And now if I save, everyone is happy.
We can see that we export something here called user because it was from the example.
And in our case, it's not user, of course, it's task.
So now we have a task, and in the task, I will want to look into the title.
So if I go one step before, this component is complaining because we are missing the task.
So let's bring the task, and the task is equal to something where we need to assign the task component.
The task component, so let me say task is coming from the task that's up above.
And here, of course, if I save this, it will shorten the thing.
And it's telling me that the fragment is missing in the route plus page of the query.
So if I go back to the route here, and I do dot dot dot, control space, I can see that I have one fragment available to put here called task component.

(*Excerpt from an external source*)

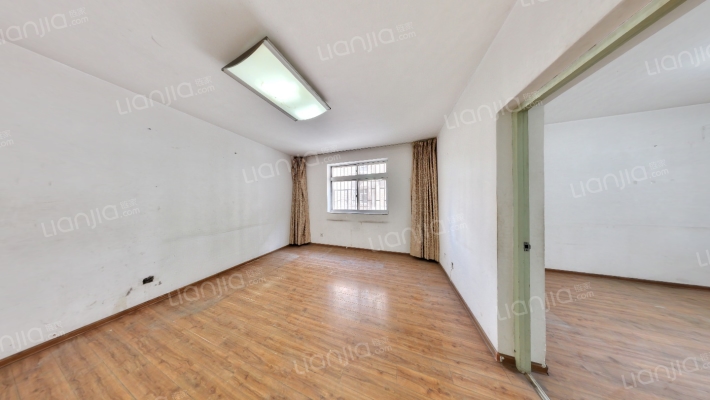 五金公司家属院二手房实景图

And if I save now, I have this coming here, and this will be sent to my component.
And in my task here, I have my hello that I can replace by dollar, dollar, data, whoops, dollar, data, dot title, save.
And now all my data are coming here.
But the magic of this is now this component is fully autonomous.
So if I want to display now here, title and ID and save, everything is refreshed in the background.
And I'm able now to say, whoops, dollar, data, dot ID, save.
And ID is here.
And the cool thing is that it's available only to this component.
And this is called fragment masking.
So if I go one level above here, where I was able to do this task, the title, in here, if I do dot, I don't see ID.
Even if ID is fetched into the component inside here, I'm not able to get title here, the ID here.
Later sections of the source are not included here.